L’émission aborde ensuite le fait que le groupe développe sans cesse des nouvelles versions de leurs morceaux, ce qui rend d’ailleurs les concerts intéressants car les morceaux varient souvent par rapport à ce qu’on connaît des albums. Sheena évoque une fois de plus son souci de plaire au public en proposant des interprétations nouvelles plutôt que de répéter des versions que le public connait déjà. A ce sujet, Ukigumo ne fait jamais deux fois les mêmes solos de guitare. On nous le démontre dans l’émission en prenant différents exemples en concert du morceau Killer Tune pour lequel le solo est à chaque fois diffèrent. Ukigumo nous dit que changer à chaque fois permet de ne jamais se tromper car il n’est pas nécessaire de reproduire exactement la même partition à chaque interprétation. Mais ça veut surtout dire qu’il a une excellente capacité d’improvisation ce qui désoriente d’ailleurs un peu les autres membres du groupe. En studio d’enregistrement, il improvise souvent une partition qui se trouve être meilleure que ce qui était écrit à l’origine. Le problème est qu’il ne se souvient parfois pas après coup ce qu’il a improvisé et il faut lui faire réécouter la bande de son propre passage de guitare pour qu’il puisse le reproduire à l’identique en se copiant lui-même. On lui pose la question si le changement perpétuel de version peut être dû au fait qu’il ne retient pas la partition originale et il nous confirme avec une moitié de sourire qu’il y a également un peu de cela. Sur Ukigumo, Tsuneta nous dit qu’il est un génie de la guitare car son approche musicale n’est jamais standard ou normale, et qu’il est respecté par les jeunes guitaristes.

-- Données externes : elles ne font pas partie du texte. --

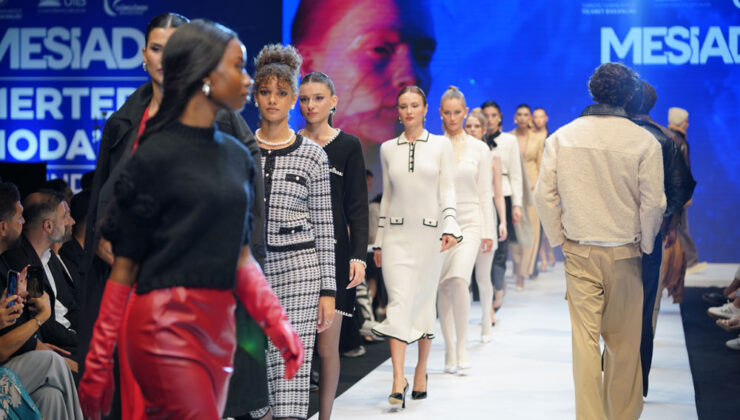 İstanbul’da Genç Tasarımcılar İçin Kritik Gün: Merter Moda 2026’da Defile Provaları Başladı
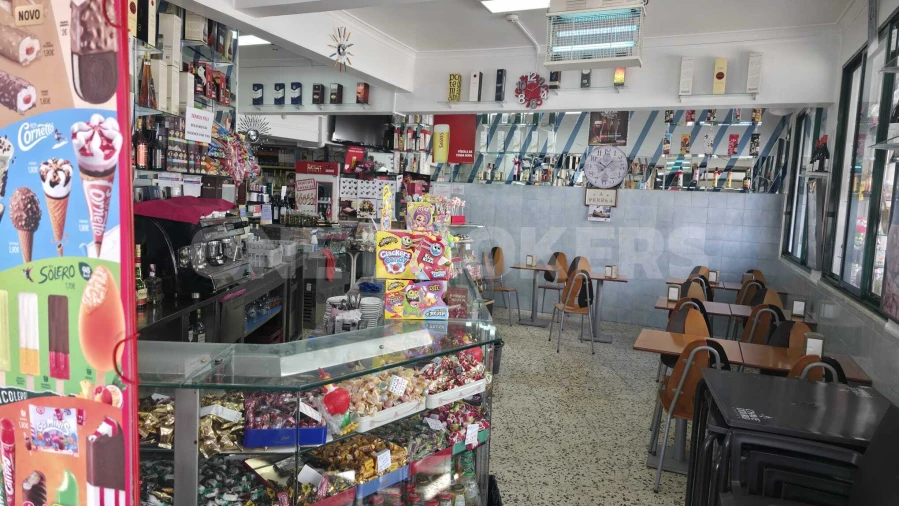 Loja para Venda em Falagueira-Venda Nova Foto 16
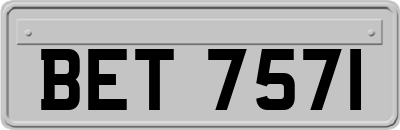 BET7571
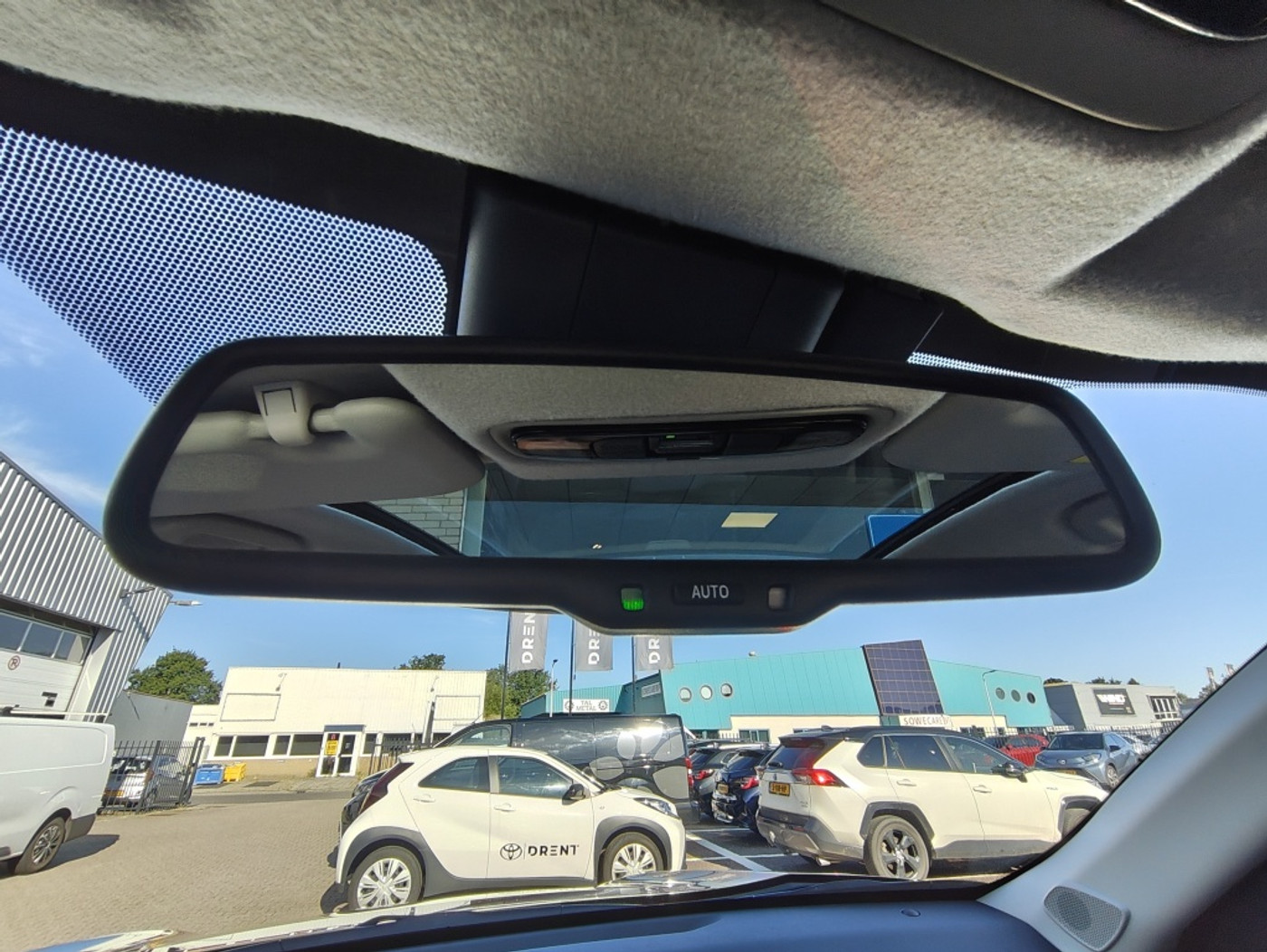 Foto van Toyota Toyota Yaris Cross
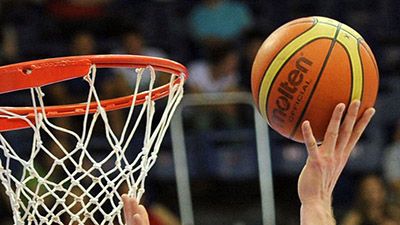 Крупский лесхоз выиграл чемпионат района по баскетболу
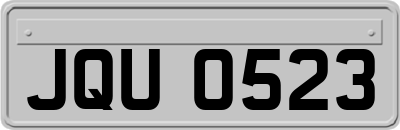 JQU0523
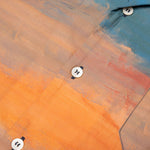 Poplin Bowling Shirt - Multi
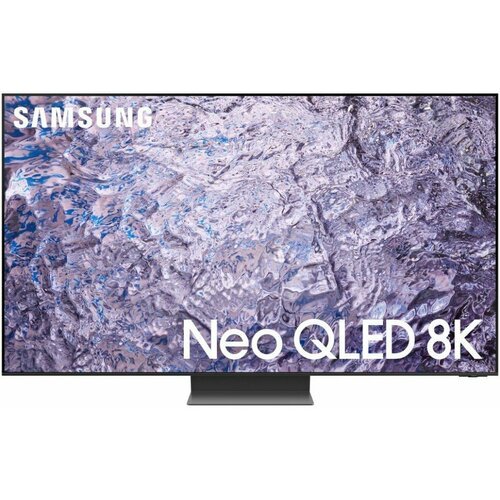 Купить Телевизор Samsung QE65QN800CT
<p>Характеристики:<br>Экран:<br>Размеры экрана: 65...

Chan MARI évoque un peu plus tard la multiplicité des voix de Sheena, ce que j’aime aussi énormément et Akimitsu Honma parle aussi de génie pour le chant de Sheena. Il y a beaucoup de superlatifs dans cette émission, ce qui peut paraitre un peu trop. Mais ce qui est avant tout intéressant, c’est le déroulement chaotique de l’émission, comme une distorsion de la réalité, qui nous pousse à sourire. Par exemple, Yū Seki de King Gnu nous explique qu’il a été invité par Hata Toshiki dans cette émission mais lui-même n’a pas l’air très au courant. Sheena répond toujours à moitié aux questions et quand ça l’arrange. A une question de l’acteur, invité régulier de l’émission, Arata Furuta, elle nous dit qu’elle n’est pas Sheena Ringo (puisqu’elle est le personnage de Tekuno) et qu’elle n’est donc pas en mesure de répondre précisément. Elle change même rapidement de sujet en posant une question à Daiki Tsuneta. Cette mise en scène est en fait un moyen pratique pour ne pas répondre aux questions ennuyeuses. Arata Furuta lui demandait si la raison pour laquelle elle avait arrêté sa carrière solo était bien pour faire partie d’un groupe. C’est une question à laquelle elle a dû répondre tellement de fois qu’elle expédie la réponse en passant rapidement à autre chose. Un peu plus tard dans l’émission, Ukigumo nous révèle qu’on l’oblige à porter des vêtements bizarres, comme le costume d’indien qu’il a porté récemment pendant l’émission Music Station pour le morceau Ryokushu (緑酒), et que parfois c’est dur à vivre. L’éclat de rire de Tsuneta quand Ukigumo nous annonce cela fait plaisir à voir. Là encore, on ne sait pas trop si cette complainte est véritable, mais j’imagine bien Sheena obliger gentiment tout le monde à porter ces tenues de scènes, sans que personne ne soit en mesure de refuser tout en se disant que ça ne doit pas être une si mauvaise idée que cela. L’émission décortique également plusieurs morceaux mais je trouve les explications plus floues et moins convaincantes. En tout cas, j’ai appris pas mal de nouvelles choses sur le groupe, et des petites anecdotes. Le respect mutuel entre les membres du groupe, et entre Tokyo Jihen et King Gnu, transparaissait véritablement dans cette émission, et m’a d’autant plus donné envie de revenir vers les albums de Millenium Parade et de King Gnu, en alternance avec Music de Tokyo Jihen que j’écoute toujours beaucoup sans m’en lasser.